Le motivazioni con il quale il Gip del Tribunale di Potenza, Ida Iura, ha disposto gli arresti domiciliari per un dirigente della multinazionale, Enrico Trovato, e indagato altre tredici persone, Eni compresa, per quella che il magistrato definisce “sciagurata gestione della tutela ambientale”, sconvolgo.
Sconvolgono perché parliamo di vite umane e di ambiente che Eni, aldilà di ciò che possano affermare i suoi dirigenti, non ha rispettato e tutelato.
Per i dettagli sull’inchiesta condotta dal Noe dei carabinieri e coordinata dai pm Laura Triassi e Veronica Calcagno, vi rimandiamo al nostro articolo. In questa sede ci preme mettere in risalto la gravità di un comportamento da parte dell’Eni già emerso nel passato e più volte denunciato dal segretario regionale dei Radicali Lucani, Maurizio Bolognetti.
Un comportamento che portò nell’aprile del 2017 alla chiusura del Cova su provvedimento dell’allora presidente della Regione, Marcello Pittella, dopo che per puro caso, non perché denunciato da Eni (sia chiaro), si scoprì uno sversamento di greggio che interessò l’impianto di depurazione dell’Asi: da un tombino fuoriuscì petrolio.
In un primo momento l’Eni ebbe la sfacciataggine di dichiarare che non proveniva dagli impianti.
Poi, dinanzi all’evidenza dei fatti, fu costretto ad ammetterlo. Lo fece in una riunione al Mise, dichiarando, aspetto ancora più grave, che lo sversamento si verificata da almeno sei mesi.
Verità parziale o bugia totale: decidano i nostri lettori.
Perché diciamo questo? Perché l’ing. Gianluca Griffa, responsabile del Cova che venne trovato impiccato in un bosco in Piemonte nel 2013 dopo un incontro avuto con i suoi dirigenti a Milano, dichiarò nel memoriale acquisito dai magistrati che “Eni sapeva degli sversamenti dal 2012”.
“L’Eni essendo quindi a conoscenza dello stato di corrosione dei serbatoi – ha spiegato il Procuratore della Dda Curcio – ha agito con dolo”. 
A questo punto ci lascia a dir poco sconcertati la dichiarazione della multinazionale all’indomani dell’inchiesta e dell’arresto di un suo dirigente: “Eni ritiene di essere intervenuta tempestivamente e di aver posto in essere tutti i migliori interventi di Messa in Sicurezza di Emergenza (MISE) con l’obiettivo di contenere, perimetrare e rimuovere la contaminazione”.
Intervenuta tempestivamente? Dopo sei mesi dalla scoperta della fuoriuscita e dopo che alcuni dirigenti da tempo avevano segnalato anomalie?

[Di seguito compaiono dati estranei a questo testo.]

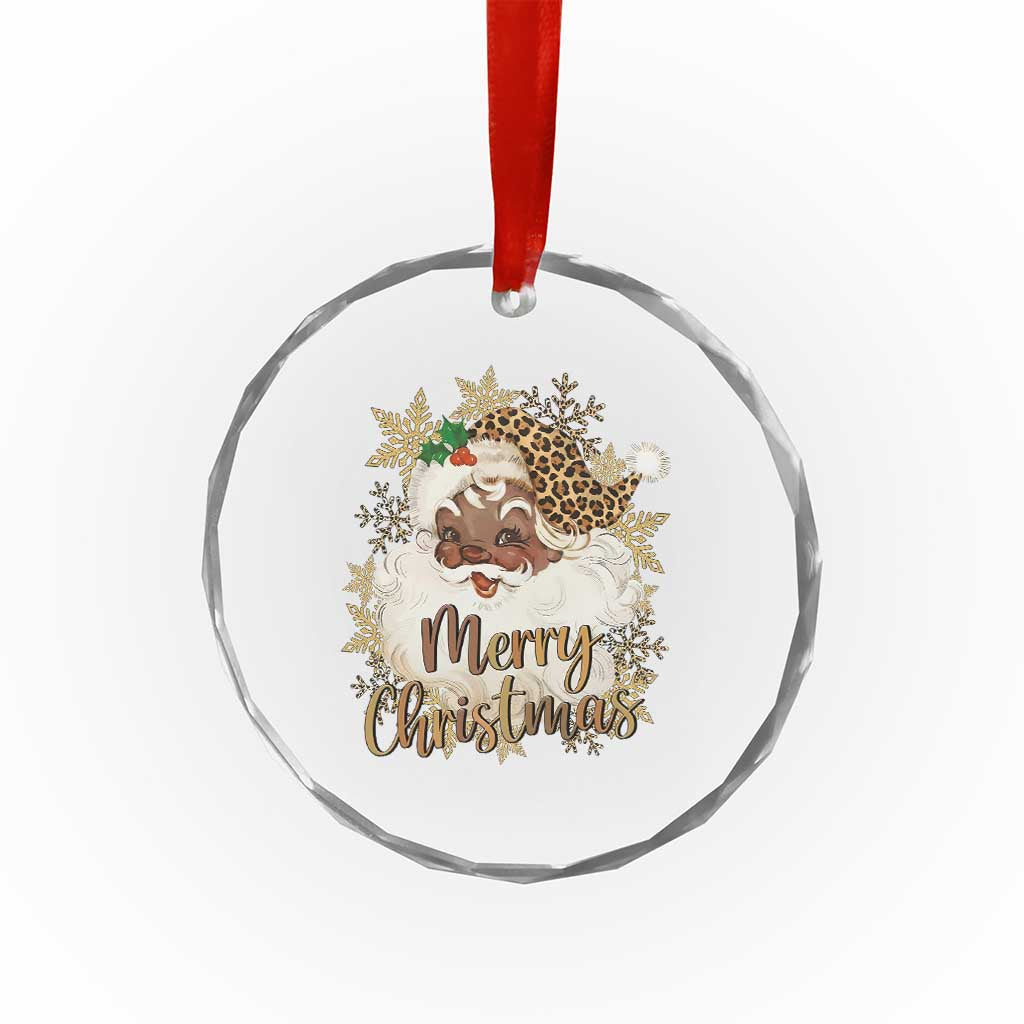 Funny Retro Black Santa Merry Christmas Leopard Crystal Glass Ornament - Wonder Print Shop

“Dolo”, “sconcertante malafede e spregiudicatezza”: come si può aver fiducia di Eni?
Come non si può dubitare che non tutto quanto necessario venga fatto per tutelare la salute dei cittadini e l’ambiente in gran parte compromesso proprio dalla gestione che dal’inchiesta emerge a dir poco lacunosa del Cova?
Bolognetti – e torniamo al segretario dei Radicali Lucani – che dal 27 febbraio fa lo sciopero della fame per salvare Radio Radicale, dal 2009 denuncia che al Centro Olio non tutto va per il verso giusto. Che il rischio d’inquinamento ambientale è reale, come confermato dalla recente inchiesta.
Provò anche a documentarlo ma qualcuno, minacciandolo, glielo impedì. L’avessero ascoltato.